▶ [What you should do]
Restate the full listing word for word; images stay out of it.

▶ [Data excerpt]
┄┄┄┄┄┄┄┄┄┄

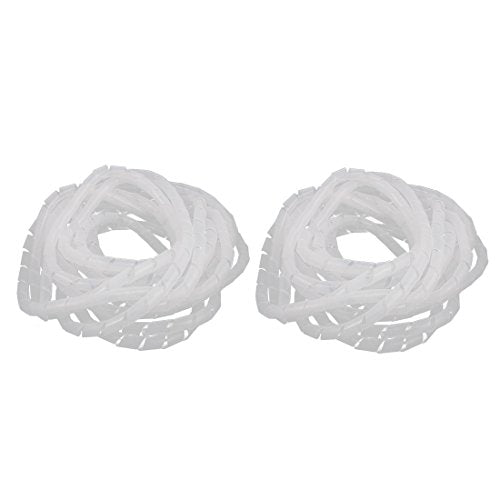 Aexit 2Pcs 12mm Tube Fittings Flexible Spiral Tube Cable Wire Wrap Computer Manage Cord Microbore Tubing Connectors Clear 7.5M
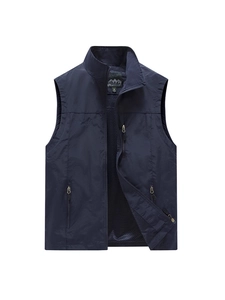Herren Outdoor-Weste in Dunkelblau mit mehreren Taschen, Stehkragen und Mesh-Futter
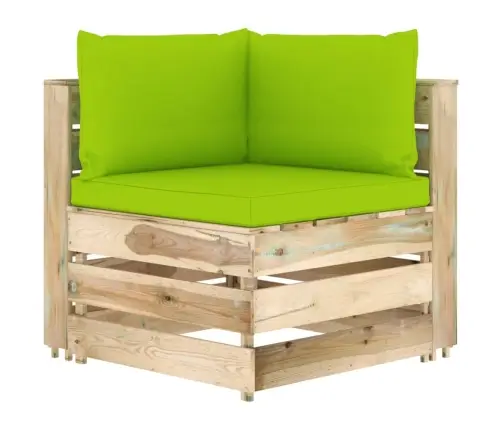 Modulinė Kampinė Sofa Su Pagalvėmis, Žaliai Impregnuota Mediena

┄┄┄┄┄┄┄┄┄┄

▶ [Written solution]
 Aexit 2Pcs 12mm Tube Fittings Flexible Spiral Tube Cable Wire Wrap Computer Manage Cord Microbore Tubing Connectors Clear 7.5M
Herren Outdoor-Weste in Dunkelblau mit mehreren Taschen, Stehkragen und Mesh-Futter
 Modulinė Kampinė Sofa Su Pagalvėmis, Žaliai Impregnuota Mediena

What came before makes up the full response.